Velveleye gerek yok, ülke normalleşiyor!
Rejim üzerindeki vesayet durumundan beslenenler, şu sıralarda pek fazla huzursuz... Zira hiç beklemedikleri şeyler oluyor.
Bu yüzden de birileri nasırına basılmışçasına bağırıyor... Hedef toplumu tedirgin etmek, mümkünse kargaşa çıkarmak; böylece ekonomiyi, çarşı-pazarı panikletmek, netice olarak hükümeti baskı altına alıp geri adım attırmak, belki pazarlıklara razı etmek vs...
Apoletli medyanın postal parlatıcıları (Cengiz Çandar ‘Postalperestler’ ifadesini kullanmış) günlerdir, ortalığı toz dumana katıyorlar. İlle de kriz çıkaracaklar ya!.. Gâh orduyu, gâh yargıyı ajite ediyorlar.
Rejim üzerindeki asker vesayetinin de, yargı vesayetinin de kalkmasını zinhar istemiyorlar. Bu sebeple de, anayasal düzene karşı suç işlemeye kalkıştığı, yani darbe yapma hazırlıklarına giriştikleri iddiasıyla soruşturulan kişilerin, kanun önünde hesap vermesini, bunlar neredeyse felaket olarak ilan edecek. Bazıları hakikaten kirli çamurları içinde debeleniyor.
Sadece son sekiz-on yılda kurulmuş olan cunta ve çetelerin sayısı bile, henüz tam olarak tespit edilmiş değil... Baksanıza Sarıkız, Ayışığı, Yakamoz, Eldiven, Ergenekon; Balyoz Harekâtı, Çarşaf, Sakal, Oraj, Suga planları, bunun yanında bol miktarda lahika, bilgi destek ve irtica ile mücadele eylem planı, Kafes Planı, Amirallere suikast planı... Poyrazköy gömüleri, Zir Vadisi cephaneliği, bombalar, bomba atan borular!..

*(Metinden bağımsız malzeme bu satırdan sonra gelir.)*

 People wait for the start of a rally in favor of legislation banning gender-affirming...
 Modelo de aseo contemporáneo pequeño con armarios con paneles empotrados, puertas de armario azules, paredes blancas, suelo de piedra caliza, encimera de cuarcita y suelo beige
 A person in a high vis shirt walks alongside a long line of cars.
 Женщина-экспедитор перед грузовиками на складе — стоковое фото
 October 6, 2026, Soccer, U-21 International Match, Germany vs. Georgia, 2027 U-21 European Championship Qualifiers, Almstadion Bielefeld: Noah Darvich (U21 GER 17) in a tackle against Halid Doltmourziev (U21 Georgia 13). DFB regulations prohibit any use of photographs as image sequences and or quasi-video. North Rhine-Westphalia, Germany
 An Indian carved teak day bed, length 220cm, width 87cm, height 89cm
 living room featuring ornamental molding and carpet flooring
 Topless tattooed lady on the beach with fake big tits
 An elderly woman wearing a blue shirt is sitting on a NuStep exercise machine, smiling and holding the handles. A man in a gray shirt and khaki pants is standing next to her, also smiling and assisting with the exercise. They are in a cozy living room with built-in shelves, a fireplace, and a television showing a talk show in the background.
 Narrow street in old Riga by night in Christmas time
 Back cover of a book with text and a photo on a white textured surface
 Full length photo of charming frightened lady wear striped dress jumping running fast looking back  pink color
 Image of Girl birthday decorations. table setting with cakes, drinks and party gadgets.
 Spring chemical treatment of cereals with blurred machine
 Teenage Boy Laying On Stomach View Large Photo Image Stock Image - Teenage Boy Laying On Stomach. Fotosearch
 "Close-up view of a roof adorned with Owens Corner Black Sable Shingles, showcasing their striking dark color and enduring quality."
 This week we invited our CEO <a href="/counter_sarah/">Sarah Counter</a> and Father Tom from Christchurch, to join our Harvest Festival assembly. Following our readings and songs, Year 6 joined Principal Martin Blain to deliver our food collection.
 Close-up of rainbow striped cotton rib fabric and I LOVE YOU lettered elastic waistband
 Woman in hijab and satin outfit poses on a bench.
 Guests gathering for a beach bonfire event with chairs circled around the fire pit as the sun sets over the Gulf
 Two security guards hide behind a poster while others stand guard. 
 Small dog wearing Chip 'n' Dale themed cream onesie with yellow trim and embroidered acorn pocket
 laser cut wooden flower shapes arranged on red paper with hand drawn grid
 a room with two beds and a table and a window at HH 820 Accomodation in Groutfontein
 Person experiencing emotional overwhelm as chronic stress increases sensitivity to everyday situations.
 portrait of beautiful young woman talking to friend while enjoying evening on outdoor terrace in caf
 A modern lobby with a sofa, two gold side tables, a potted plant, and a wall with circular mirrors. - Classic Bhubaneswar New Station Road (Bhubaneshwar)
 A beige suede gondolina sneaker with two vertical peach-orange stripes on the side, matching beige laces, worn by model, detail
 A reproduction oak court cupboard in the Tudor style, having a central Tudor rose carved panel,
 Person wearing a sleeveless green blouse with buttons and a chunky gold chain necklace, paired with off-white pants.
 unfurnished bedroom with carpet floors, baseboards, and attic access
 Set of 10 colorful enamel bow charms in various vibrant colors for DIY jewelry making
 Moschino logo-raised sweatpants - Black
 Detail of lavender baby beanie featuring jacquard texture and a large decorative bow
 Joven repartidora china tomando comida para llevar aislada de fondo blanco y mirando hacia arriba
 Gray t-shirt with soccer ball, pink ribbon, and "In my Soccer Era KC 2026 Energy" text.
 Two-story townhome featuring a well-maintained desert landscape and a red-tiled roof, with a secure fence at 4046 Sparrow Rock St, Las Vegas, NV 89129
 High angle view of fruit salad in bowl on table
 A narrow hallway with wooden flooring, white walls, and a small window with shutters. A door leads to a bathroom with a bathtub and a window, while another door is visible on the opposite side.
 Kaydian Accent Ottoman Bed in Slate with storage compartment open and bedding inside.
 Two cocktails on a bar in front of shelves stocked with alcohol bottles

Şimdi devletin yargı mercileri, büyük bir kararlılıkla bu gayrimeşru suç örgütlerini mercek altına almaya başlamış; devlet ve millet aleyhine ne gibi tezgâhların kurulmuş olduğunu tespit etmeye çalışıyor. Fakat nedense bazıları fena halde rahatsız. Onun için de ortalığı velveleye veriyor!..
Ama nafile. İstedikleri kadar gürültü koparsınlar, işin seyrini değiştirmeye güçleri yetmeyecek. Başbakan Erdoğan’ın dediği gibi; “Sular artık tersine, yokuş yukarı akıtılamayacak. Bugün olan normalleşmedir...”
Hiç kimsenin bu normalleşmeden gocunmaması lazım. Tabii ki, yarası olanlar hariç...
Medya dünyasında at oynatanların önemli bir kısmı, kategorik biçimde kendisini ‘solcu’ olarak tanımlar. Ancak bunların ekseriyeti, kurulu düzenin sağladığı ballı imkânlarla tanıştıktan sonra, solculuğu bir kalemde öteleyip otoriter yapıların safında yer tutmuştur. Bunlar ikiyüzlü bir yaklaşımla, hiç sıkılmadan askerî darbelere, muhtıralara ve askerin rejim üzerindeki vesayetine her türlü desteği vermiştir. Vermeye de devam ediyor.
Ve bunlar her fırsatta nifak çıkarmaktan, olayları çarpıtmaktan geri durmuyor ne yazık ki... Hiçbir şey bulamazlarsa, darbe hazırlıklarına, çeteleşmelere adı karışan askerlerin gözaltına alınmasını saptırmaya kalkışırlar. Dünyanın neresinde görülmüş böyle şey? Suça karışmış veya hakkında kuvvetli suç şüphesi bulunanlara yapılan yargı işlemlerini, orduya hakaret, askeri aşağılama, rövanş alma gibi son derece çirkin ve tehlikeli boyutlara çekmeye çalışıyorlar...
Ancak bunların maskeleri iyice düştü. O yüzden de bütün vaveylaya rağmen, halk istifini bozmuyor. Zira ortalığı ayağa kaldıranların maksatlarının ne olduğunu biliyor...
Farkında olalım veya olmayalım, Türkiye çok büyük bir değişim geçiriyor. Elbette bu o kadar kolay olmayacak. Ama bilelim ki, gidişat doğru yönde.